YRB: When people think of sustainable clothing, they usually think of it as not being stylish. How do your designs change this perception?
There are new fabrics that have been developed because of demand. There was a struggle to find eco fabric that looked good. Hemp, in the beginning, was scratchy and didn’t look nice. But now there are more choices, like fabrics [made out] of soy and corn. Hemp has even gotten better. I use a lot of beech wood in my designs and hemp silk that looks so beautiful and is so soft.
Recycled goods are actually also considered to be eco fashion. People throw away the most amazing things. I take what people don’t want and [make it] something beautiful and unique. My main thing is to feel good about what I do in this industry.

YRB: Do you have any other projects in the works for 2011?
Since the economy has taken a turn for the worse, people have turned away from eco since it’s so expensive. I still have my regular clientele that buy my couture line, but I’m starting a new line that’s a bit more affordable and able to be made in larger volumes.

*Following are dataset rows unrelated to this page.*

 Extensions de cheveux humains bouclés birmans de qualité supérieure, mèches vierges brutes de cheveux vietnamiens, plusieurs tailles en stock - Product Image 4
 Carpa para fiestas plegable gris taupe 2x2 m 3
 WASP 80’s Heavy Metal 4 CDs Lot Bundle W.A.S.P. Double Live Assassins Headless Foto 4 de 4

I’m doing more simple tees and ones that are a bit more embellished. The simple tees make for great layering pieces, while the more decorated ones are a bit edgier and fun. The basics line is called Deborah Lindquist Basics and the other is named Green Queen.

YRB: Where would you like to see the brand in the next five years?

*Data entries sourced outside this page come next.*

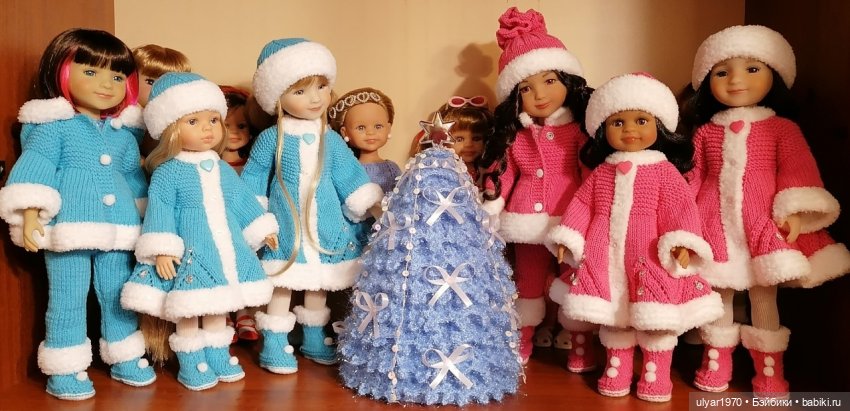 Новогодние наряды для кукол Ruby Red 37см и Paola Reina 32cм по МК Ольги Шутялецкой и по его мотивам.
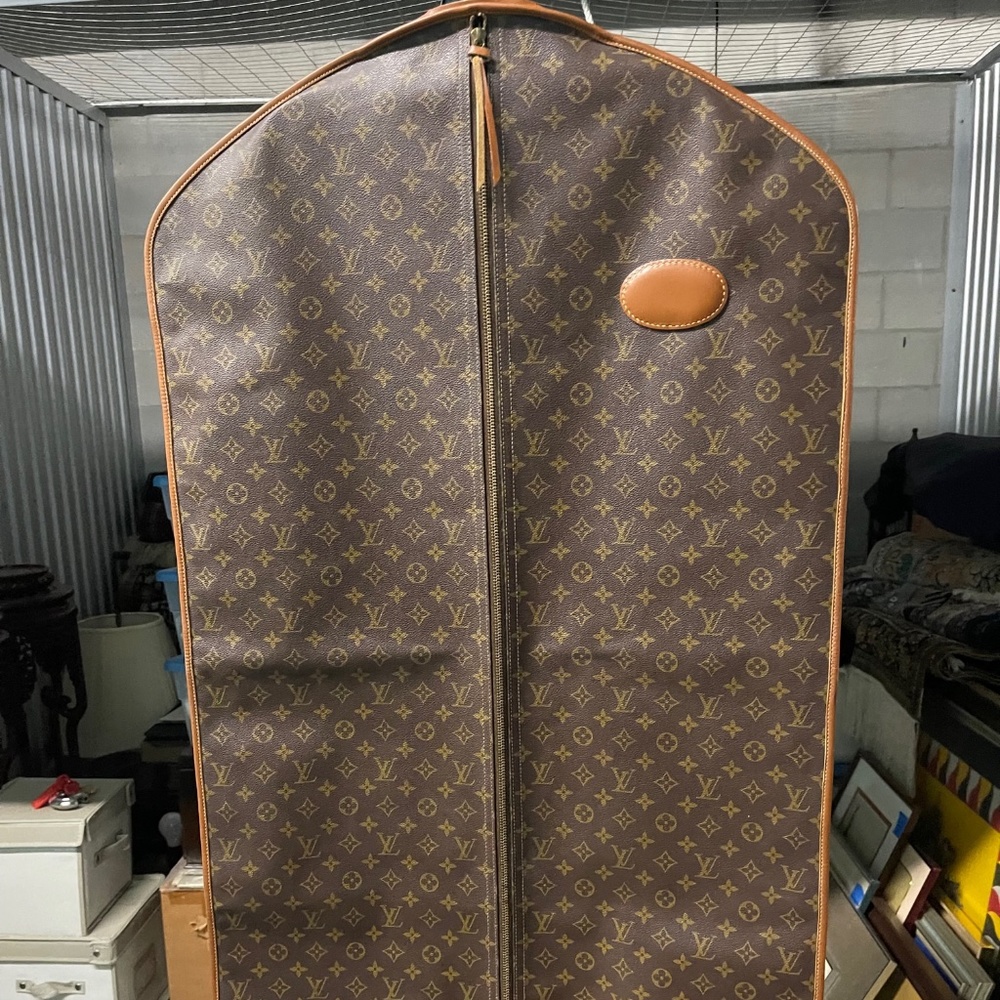 Vintage Louis Vuitton French company Monogram Garment Bag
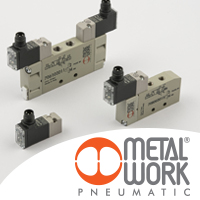 Different sized PLT-10 solenoid valves in black and beige.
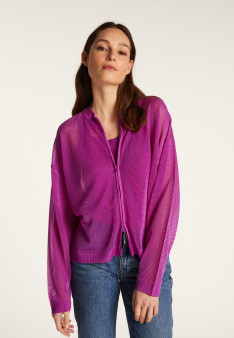 Pull zippé en fil lumière - Denyze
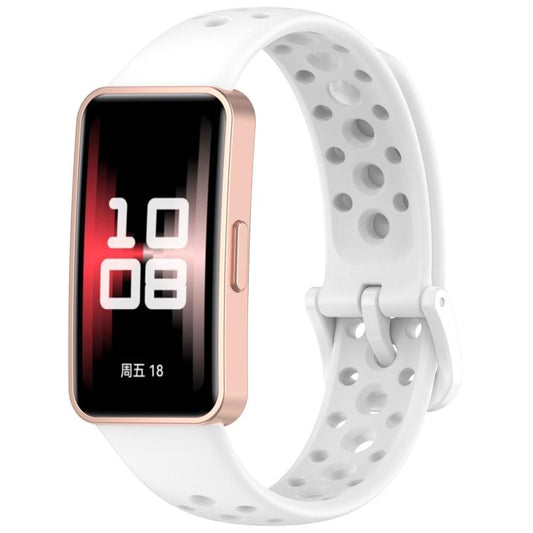 Correa de reloj de silicona transpirable con...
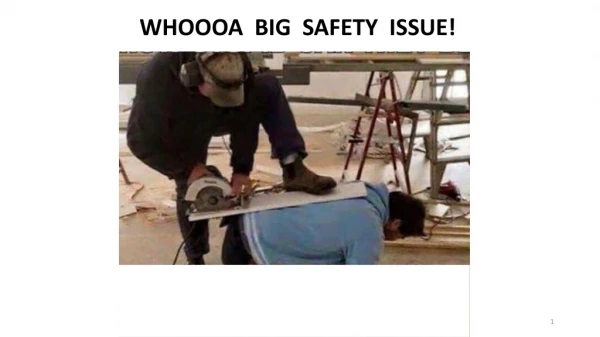 WHOOOA BIG SAFETY ISSUE!
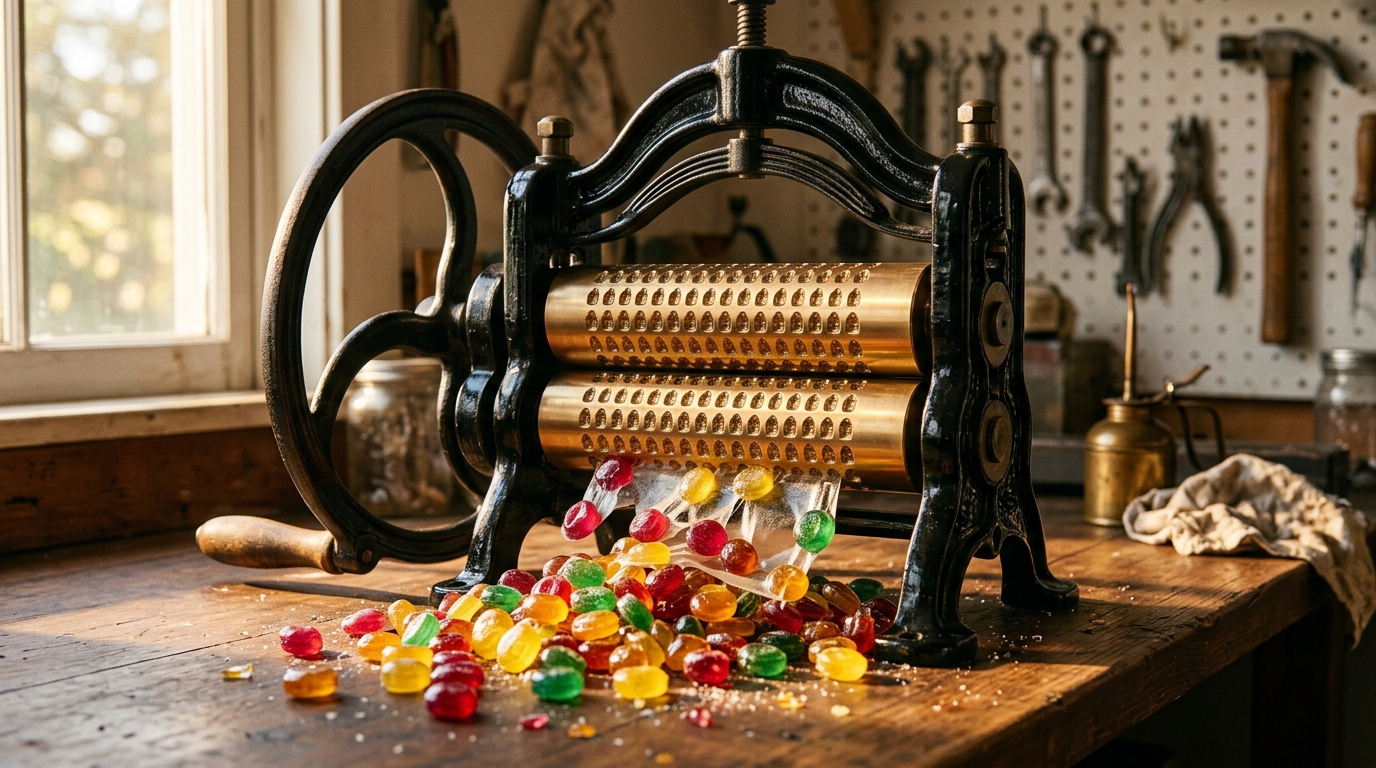 Candy machine restoration: 15 steps that brought an 1871 drop roller ...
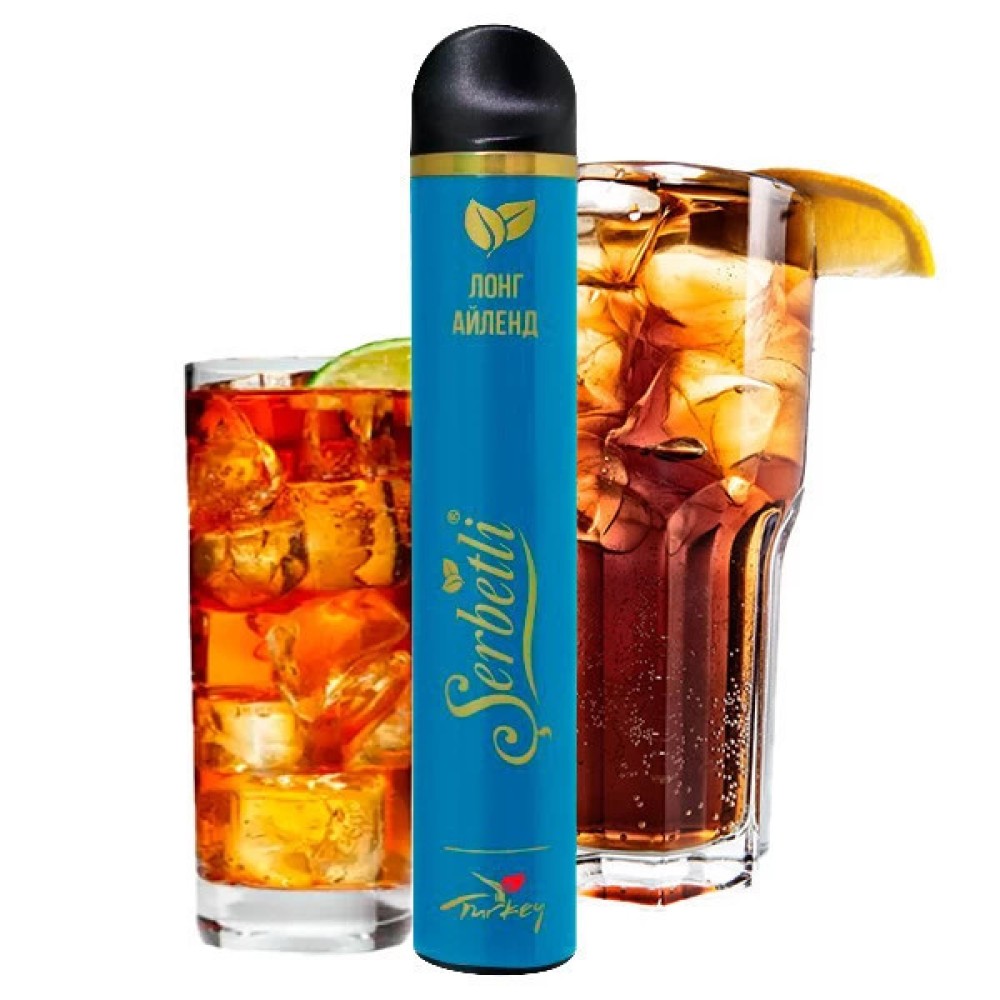 Jednorazowy papieros elektroniczny Serbetli Long Island (Long Island) (1200 zaciągnięć)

Stable and everywhere. I would really like to see it have a strong presence in the fashion world. I’d also like it to become a lifestyle brand. I’m already doing bridal, couture and everyday pieces and would like to get into home accessories. People who embrace eco incorporate it into all aspects of their lives, so I really feel my customers would embrace more lifestyle products from me.

YRB: What type of legacy would you like to leave behind in the fashion industry?
I’d like to know that I’ve designed beautiful things for people that they love and cherish. That I’ve used my creativity to the best of my ability and knowledge and was able to make the world a better place. I know it sounds silly, but I just want to do good for both the world and fashion!